私;<あれ。このお客様は、お店を知らないのか。>
私;『あの明るく看板が出ているお店です。』
と、無事に現着。
私;『ありがとうございました。』
締めて約¥千円にて完結。
その後も悲しい単価の連続。
そんな時の配車は、
私;『ここのお店か。駄目だわね。』
とは思いつつもお店にお声掛けすると、
私;<駄目だ!。

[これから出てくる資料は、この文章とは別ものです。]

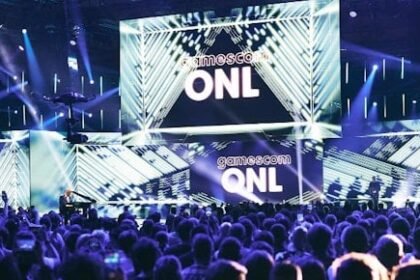 Gamescom Opening Night Live 2026: Aion 2, Path of Exile 2, and more MMO and multiplayer trailers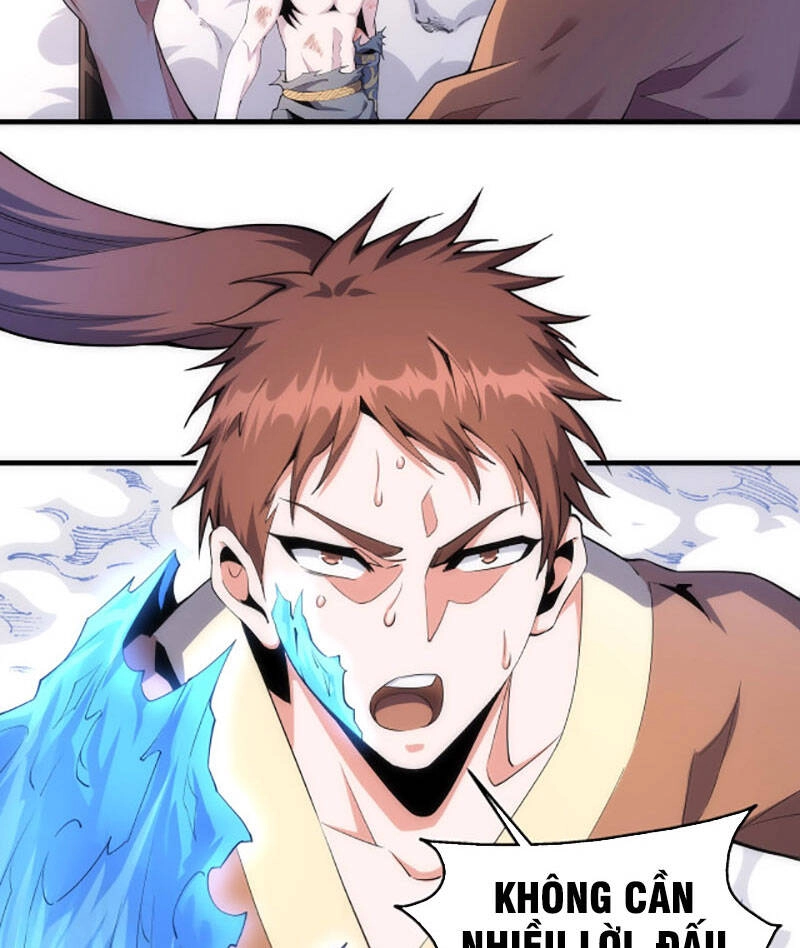 Vạn Cổ Thần Đế Chapter 18 - 6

いつもの散々に待たせてのワンメの客だ。どうせ、近くの呑み屋だ。>
案の定、混み合う交差点近くで散々に待っての行き先は、
私;<ビンゴ!。>
それでも、会話は調子を合わせて笑顔でチケットにて完結。
私;<こりゃあ、今夜も運に見放されているね。>
その後も、同業他社のタクシーを含めての2台口でスナックに着けていると、
私;『いつも他社タクシーは、早く客が出て来るね。』
後から来た他社タクシーが先に発車して行ったが、我が客は相も変わらずに出て来ない。
すると、スタッフが出て来て、
スタッフ;『タクシーを呼んだ人が「俺は呼んでいない」と言って出て行ってしまったのですが。』
見事に不運続きのキャンセル。
そんな時に、先程の歩合がプラスの同僚が声を掛けて来た。
私;<あれ?。この調子では、今夜も私よりも数万稼ぎが上だぞ!?。>
かなり客層も良さそう。
私;<私は、貧相な単価ばかりだと言うのに。>
更に、我が気落ちを深めてのAM4時以降は客足もサッパリ。
その明け方、
私;『もう、この時間帯では配車も無いでしょ。』
と、日報を締め始めると、
私;『え?。この時間にこんな遠く(約7Km先)への配車?。』
だが、この朝の通勤時間帯は道路も混んでいる。
何とか現着すると、
お客様;『お宅の会社の人が「直ぐに行きます」と言うから家から出たり入ったりして散々に待ったの。』
とのクレーム。
私;『申し訳ありません。それは、当社の対応のミスです。お待たせして申し訳ありませんでした。』
状況を説明すると、
お客様;『直ぐに来れなければ、正直に言えば良いのに。』
何とか気を落ち着かせての目的の総合病院へのご案内。
道中、お客様の身の上話しをお聞きしながら、最後は笑顔で完結。
私;『ありがとうございました。』
これにて本日も疲れ一入にて帰庫。
そして、事務所で納期処理をしていると、
私;<やはり、今夜も同僚の売上の方が数万円上だ。しかし、毎回の惨敗。これは何かしら人手が介入しないと無理ではないのかな。>
更には、終業点呼をしていると、
班長;『次の勤務は、企業の新人教育が始まり朝夕の送迎で全車動員体制の為に、1時間早出&30分残業。』
嫌な気分に追い打ちを掛けてきた。
私;<タクシー協会全体で取り組めば良いのに。天下の愚策だよ。>
に気持ちが更に落ち込み、完璧に張り合いを喪失してイライラの帰宅。